Friction between the two countries has worsened in recent weeks, as U.S. forces have fought back against the rise in Iranian proxy attacks. On Jan. 4, the Biden administration launched a rare retaliatory strike on a base belonging to a militia in central Baghdad, killing the group’s commander. U.S. officials said at the time that it was hoped the strike would serve as a deterrent against further hostility toward U.S. troops. Instead, the attacks have grown more ambitious.

Retired Gen. Kenneth “Frank” McKenzie, who commanded U.S. forces in the Middle East from 2019 to 2022, said the recent U.S. counterstrikes, which he described as “fairly circumscribed,” had not had the effect of deterring Iranian-backed groups.

“If the opponent is allowed to continue these attacks on such a scope and scale, eventually they’re going get lucky with something,” he said. “It’s just the calculus of the battlefield.”

Tower 22 is part of a constellation of bases that house some 2,500 U.S. troops in Iraq and another 900 in Syria. Those forces have been focused chiefly on preventing a resurgence of the Islamic State, the terrorist network that took over large swaths of both countries until a U.S.-led military campaign left the group decimated.

Tower 22 functions as a support site for another U.S. outpost across Jordan’s border in Syria that has taken on a different sort of mission.
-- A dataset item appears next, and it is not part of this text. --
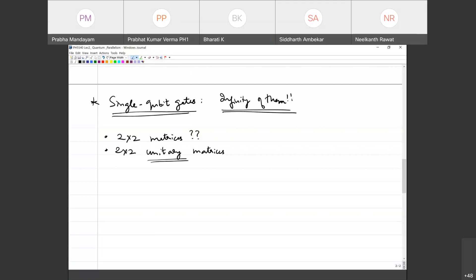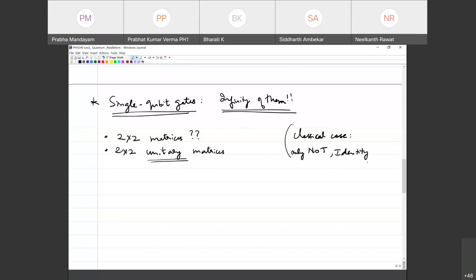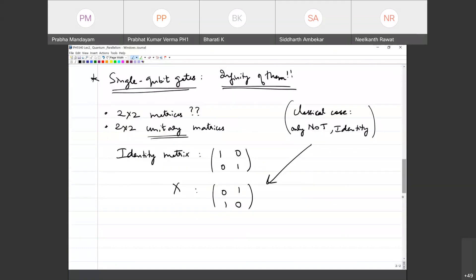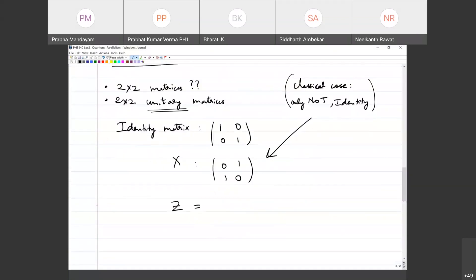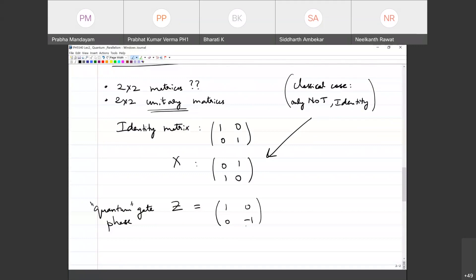The identity gate corresponds to the 2×2 identity matrix. Beyond these classical analogues, we can introduce truly quantum gates. A simple example is the phase gate, or Z gate — the 2×2 diagonal matrix with entries 1 and −1. Let's work out what Z does to |0⟩ and |1⟩.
The isolated al-Tanf base, located along a key highway that connects Tehran to its ally, Damascus, has served as a platform for U.S. forces pushing back against Iran’s efforts to supply partners and proxies in Syria and beyond.
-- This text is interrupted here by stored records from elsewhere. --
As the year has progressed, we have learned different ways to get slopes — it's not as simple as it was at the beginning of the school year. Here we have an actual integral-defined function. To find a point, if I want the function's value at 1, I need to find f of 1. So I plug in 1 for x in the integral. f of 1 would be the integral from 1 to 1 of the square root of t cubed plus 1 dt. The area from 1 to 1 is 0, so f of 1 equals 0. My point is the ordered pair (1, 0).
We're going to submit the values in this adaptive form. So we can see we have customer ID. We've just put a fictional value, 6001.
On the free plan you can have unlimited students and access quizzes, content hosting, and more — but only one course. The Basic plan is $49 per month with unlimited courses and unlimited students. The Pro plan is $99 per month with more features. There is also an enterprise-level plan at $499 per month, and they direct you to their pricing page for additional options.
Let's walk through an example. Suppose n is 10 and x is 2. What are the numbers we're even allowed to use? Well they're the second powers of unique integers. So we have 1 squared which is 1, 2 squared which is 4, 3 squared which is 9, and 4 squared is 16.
Sunday’s bloodshed also spotlights Jordan’s attempt to walk a tenuous line as many in the Arab world, outraged by Israel’s punishing assault on Gaza, have faulted the United States for its unconditional backing of the Jewish state despite the war’s enormous civilian toll. The kingdom views the United States as a valuable partner in counterterrorism but also is seeking to avoid the wrath of Iran and other regional neighbors.
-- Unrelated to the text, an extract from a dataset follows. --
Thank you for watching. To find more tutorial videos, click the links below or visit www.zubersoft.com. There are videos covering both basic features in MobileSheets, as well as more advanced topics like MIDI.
McKenzie noted that the U.S. military had made significant improvements in its ability to disable or shoot down drones seeking to attack U.S. bases.

“But it’s still not perfect, and you’re not going to be able to attain perfection in these defensive efforts, which is why the tragedy today happened,” he said.

Iran hawks in Congress amplified their criticism of Biden and his management of the Gaza-related violence in the wake of the new bloodshed. Senate Minority Leader Mitch McConnell (R-Ky.) implored the administration to impose “serious crippling costs” on Iran and its proxies.

“The time to start taking this aggression seriously,” McConnell said, “was long before more brave Americans lost their lives.”

Sen. Lindsey Graham (R-S.C.) said the president’s strategy for deterring escalation had “failed miserably.” He called for striking “targets of significance inside Iran” — a prospect that many national security experts fear would draw the United States into a cataclysmic war.

“The only thing the Iranian regime understands is force,” Graham said. “Until they pay a price with their infrastructure and their personnel, the attacks on U.S. troops will continue.”

A representative for Iran’s permanent mission to the United Nations told the country’s official Islamic Republic News Agency early Monday that Tehran “had no connection and had nothing to do with the attack on the US base.”

Five U.S. troops have died since violence in the Middle East widened with Israel’s invasion of Gaza. Two Navy SEALs were lost in an accident earlier this month while on a mission to interdict Iranian weapons components bound for Yemen, where militants continue to target commercial and military vessels off the Arabian Peninsula.

As the SEALs attempted to board a boat suspected of carrying illicit arms, one of them slipped and fell from a ladder and the other jumped into the strong waves to help, officials have said. They were declared dead days later following an expansive search mission.

Even as the Biden administration confronts spiraling violence against U.S. troops in Iraq, Syria and Jordan, it faces mounting questions about its plan for containing attacks by Iranian-backed Houthi rebels in Yemen, whose campaign targeting ships off the Arabian Peninsula poses a major threat to international commerce.

Sarah Dadouch in Beirut, Mustafa Salim in Baghdad and Louisa Loveluck in Jerusalem contributed to this report.